Not too long ago, with the aid of this question, I was able to deduce that for any natural number $b$, the binary representation of $\frac{1}{b}$ will have a cycle of repeating digits of length $\phi(b)$, where $\phi$ is Euler's Totient Function.
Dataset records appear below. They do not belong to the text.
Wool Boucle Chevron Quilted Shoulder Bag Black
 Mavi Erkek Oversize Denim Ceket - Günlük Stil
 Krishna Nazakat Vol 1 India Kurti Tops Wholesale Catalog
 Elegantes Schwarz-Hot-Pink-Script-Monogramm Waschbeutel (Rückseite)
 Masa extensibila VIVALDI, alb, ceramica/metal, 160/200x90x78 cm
The digits that repeat are the same sequence of digits as are found in the terminating $\frac{2^{\phi(b)}-1}{b}$.
For example, $\frac{1}{9}=0.\overline{000111}_{(2)}$. The cycle is of length $\phi(9)=6$, and the sequence of repeating digits are $\frac{2^{\phi(9)}-1}{9}=7=111_{(2)}$.
Hence, we can calculate that the "percentage" of digits that are ones in the binary expansion of $\frac{1}{b}$ as $$\frac{H\left(\frac{2^{\phi(b)}-1}{b}\right)}{\phi(b)}. \text{E,g; for }b=9:\ \frac{H(7)}{6}=\frac{3}{6}=50\%$$ where $H$ is the Hamming Weight.
How can we extend this to calculate the "percentage" (for lack of a better term) of digits that are ones in the binary expansion of any rational number $\frac{a}{b}$, and not just the reciprocals of the natural numbers?